**Task data:**
- Opening Delimiter -

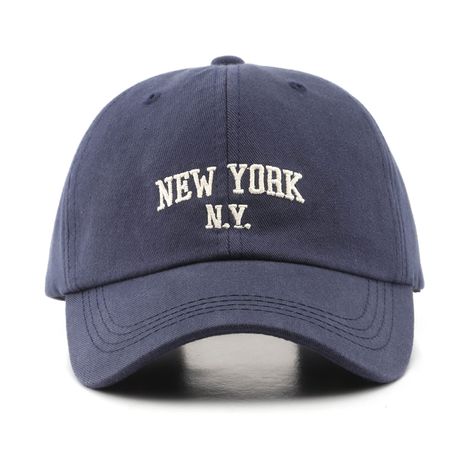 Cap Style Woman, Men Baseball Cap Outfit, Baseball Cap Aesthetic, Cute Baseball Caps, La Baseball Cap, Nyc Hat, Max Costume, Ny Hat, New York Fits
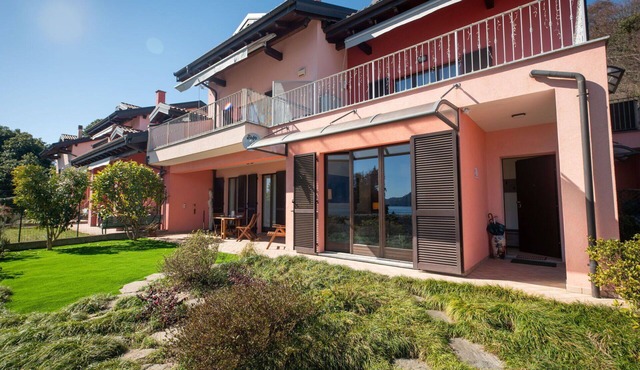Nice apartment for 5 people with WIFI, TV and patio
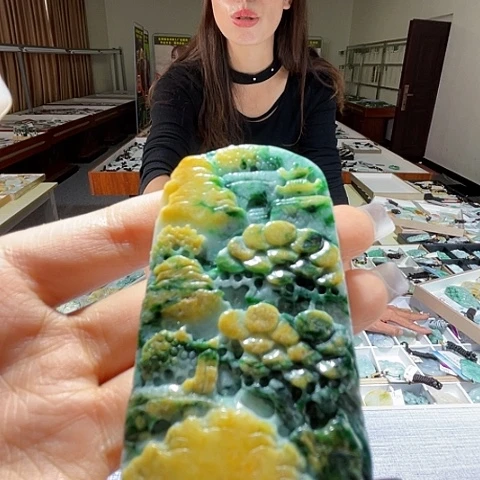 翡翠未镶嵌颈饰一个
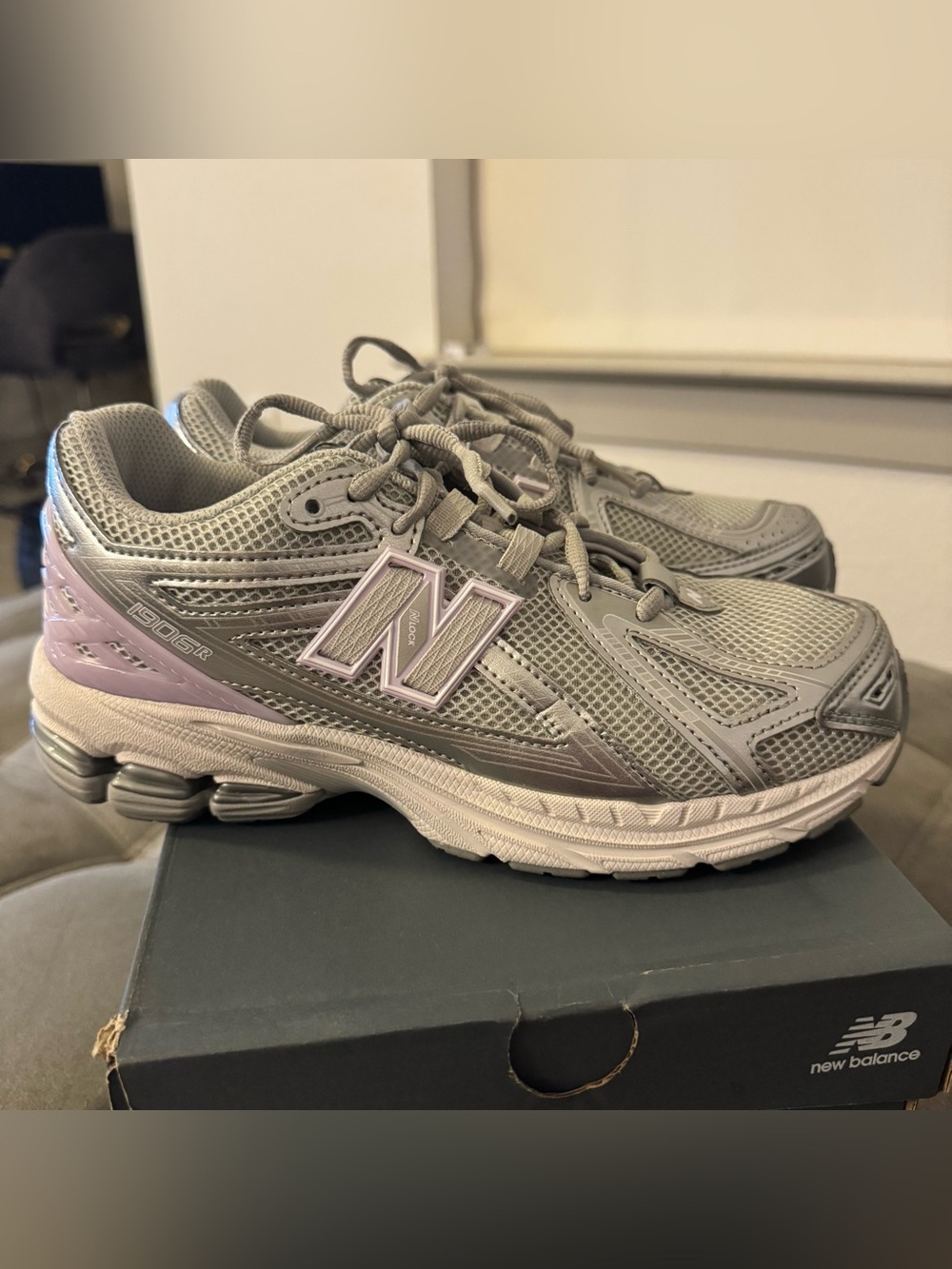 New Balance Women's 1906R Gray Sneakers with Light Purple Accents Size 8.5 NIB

- Closing Delimiter -
- Opening Delimiter -

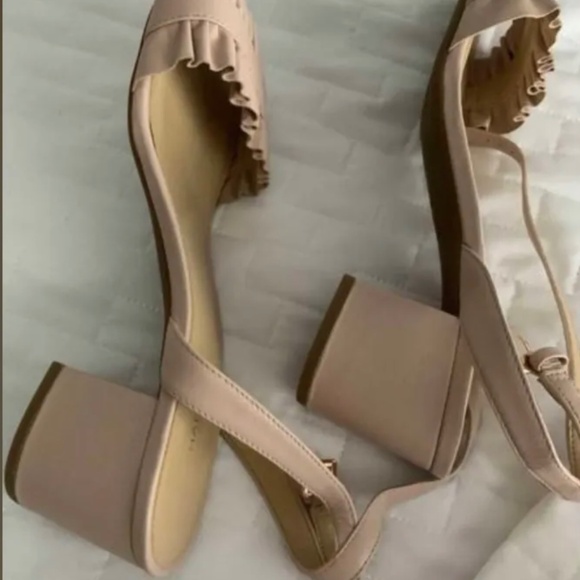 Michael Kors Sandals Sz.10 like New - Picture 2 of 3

- Closing Delimiter -

**Task details:** Taking the records above, print only and exactly the lines from the line with "Cap Style Woman, Men" to the line with "New Balance Women's", both kept, and exclude pictures.

**Answer space:**
 Cap Style Woman, Men Baseball Cap Outfit, Baseball Cap Aesthetic, Cute Baseball Caps, La Baseball Cap, Nyc Hat, Max Costume, Ny Hat, New York Fits
Nice apartment for 5 people with WIFI, TV and patio
 翡翠未镶嵌颈饰一个
 New Balance Women's 1906R Gray Sneakers with Light Purple Accents Size 8.5 NIB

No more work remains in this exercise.